Peanut product makers are committed to supporting a marketing loan in the peanut program, as well as a buyout of quota, says a representative of the American Peanut Products Manufacturers, Inc.
The comments, made at the Southern Peanut Growers Conference in Panama City Beach, Fla., are historic for their content because it marks the first time in recent history that all three segments of the peanut industry have been behind one proposal to reform the peanut program. Peanut shellers also support the marketing loan.
“We in the manufacturing sector are committed to helping you (peanut farmers) attain whatever is appropriate in the form of federal government support to insure that a marketing loan program for peanuts is a success,” says Richard Pasco, of the manufacturers group.
“The opportunity is right for peanut producers to move quickly to a competitive program before its foreign competitors capture too large a share of the international peanut market.”
Under the marketing loan concept, peanut quota would be eliminated and replaced by a target price. A $500 per ton target price has been mentioned. In the talk about a quota buyout, congressmen have mentioned 10 cents per pound over five years. “Peanut farmers would no longer be treated differently than any other commodity, quota rent would be eliminated and U.S. manufacturers would sell more peanut products and create more jobs,” Pasco said.
Peanut product manufacturers are also supporting the idea of a quota buyout. “We understand that doing away with the quota system is no different than taking away a vested property right,” Pasco said. The group supports a decoupled payment to quota owners. “Any government compensation for the loss should not be subject to payment limitations.”
In his talk to peanut producers, Pasco said the change is necessary in order for U.S. peanut farmers to stay competitive in the global economy. Under the North American Free Trade Agreement, U.S. peanuts will have to compete with $400-a-ton peanuts in 2004. A new round of the World Trade Organization, as well as the Free Trade Area of the Americas are also pending.
“There are two case studies regarding how we should not respond,” Pasco said.
The first is how the U.S. automobile industry responded to competitive threats from Japan by “just changing the fenders rather than manufacturing smaller cars.”
The other case is peanut competition from Argentina. “U.S. policy on peanuts has encouraged more production in Argentina,” Pasco said. “If we only make marginal changes in the peanut program, if we only change the fenders on the program, we will have the same problem that the auto industry had in the 1970s,” Pasco said.
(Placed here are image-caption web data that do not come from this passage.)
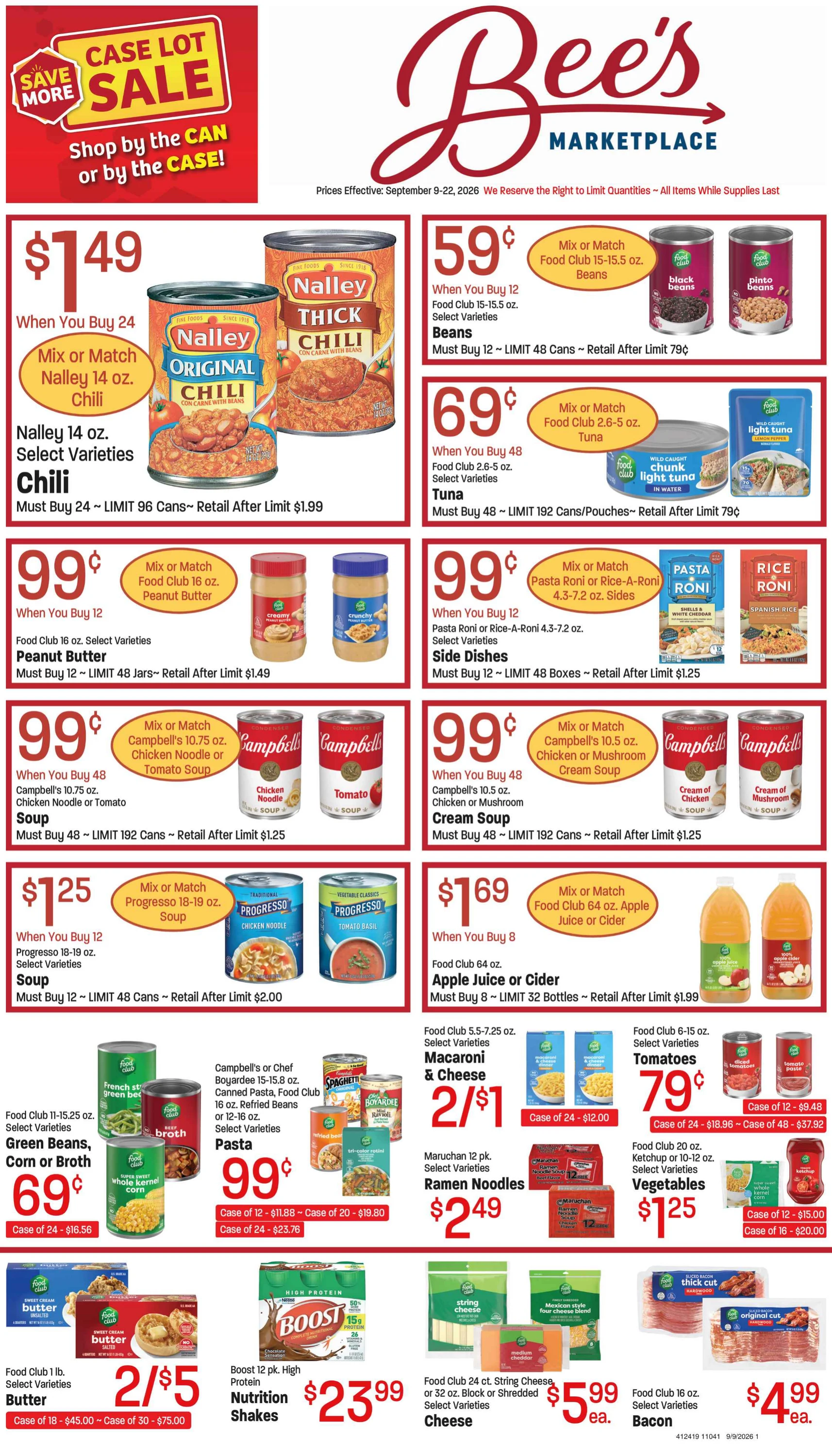 Bee's Marketplace Weekly Ad - Page 1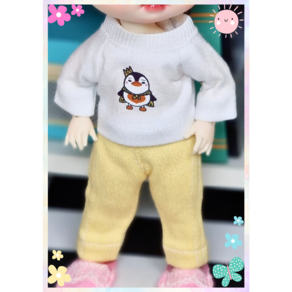 #포켓 16cm 옷( 연노랑 스키니진 )[마구샵]#구체관절인형#bjd#인형옷#유딩이#도리스돌#포켓돌, 1개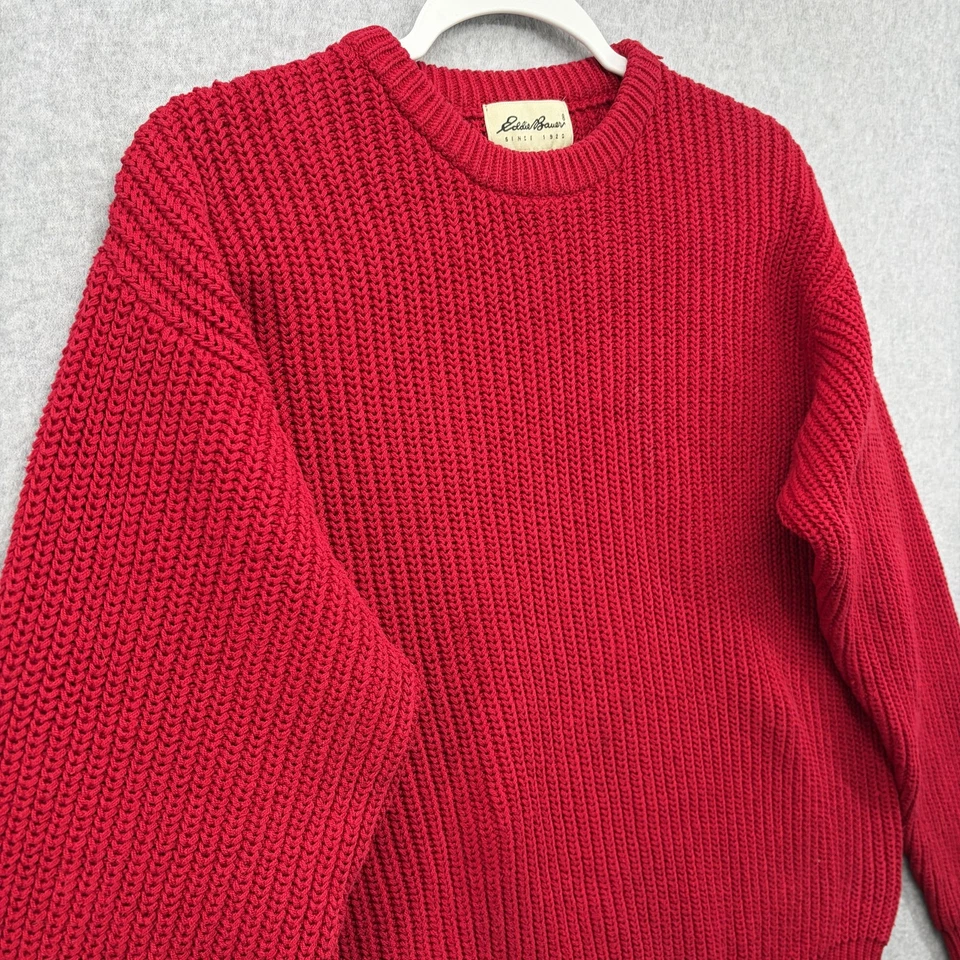 Suéter Eddie Bauer Tejido Acanalado Cuello Redondo Para Hombres Mediano Rojo Grueso Algodón Peso Pesado Foto 3 de 4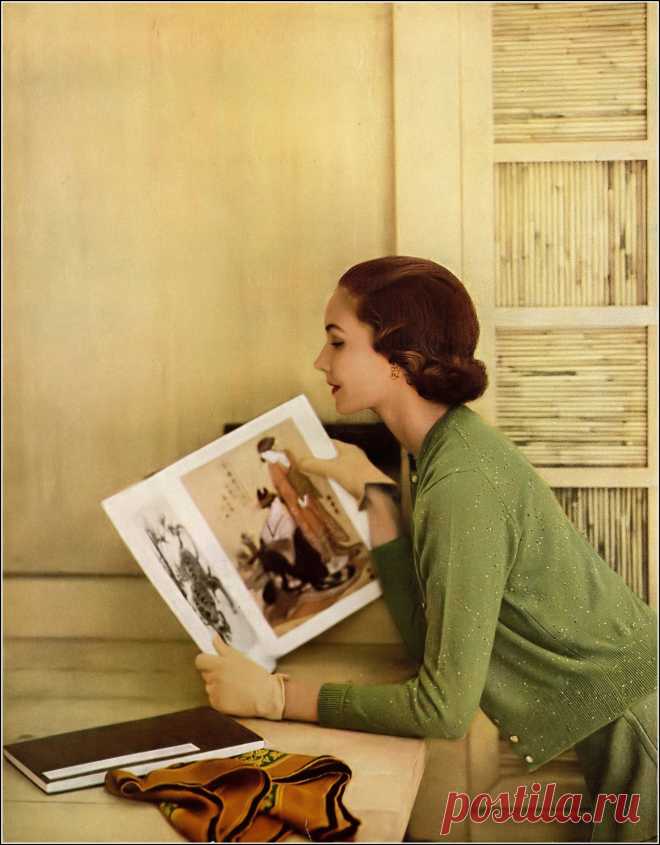 Cherry Nelms, photo by Louise Dahl-Wolfe at the Japanese House at MOMA, Harper's Bazaar, Oct. 1954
Government policy that restricts crop production eventually shifts production overseas, as in the case of Brazilian soybeans, Pasco said.
Calling the cotton industry the “model of success,” Pasco pointed to the unified efforts of the peanut industry in the last several months regarding how policy is accomplished in Congress.
“It was like a collective sigh of relief from the House Specialty Crops Subcommittee when they saw all three segments of the peanut industry behind one proposal,” Pasco said.
In its concept paper for the writing of the farm bill, the House Agriculture Committee set aside $3.4 billion for reform of the peanut program. “This was the key regarding the move from the quota system to the marketing loan program,” Pasco believes. “The money set aside is like getting an A on your report card. You should commend your representatives in Washington for having the foresight to develop a marketing loan program that members of Congress can really get behind.” He encouraged peanut farmers and organizations to work to keep the money intact.
“While there continues to be some naysayers and others who choose to sit on the fence, I sense that there is real commitment on the part of this industry to come together,” Pasco said. “It's truly historic that all segments are behind the marketing loan.”
Peanut product manufacturers are “encouraged that the current commodity policy for peanuts is inconsistent with the existing course of world agricultural trade,” Pasco said. “U.S. peanut growers can no longer rely on a quota system with limits on domestic production.”
“Other commodity groups have already realized that it is not in their best interests to manage supplies by limiting planted acreage,” Pasco said. “The key exception is the U.S. sugar growers who continue to support severe supply controls and we know what a disaster that sector is going through with no hope for relief on the horizon.”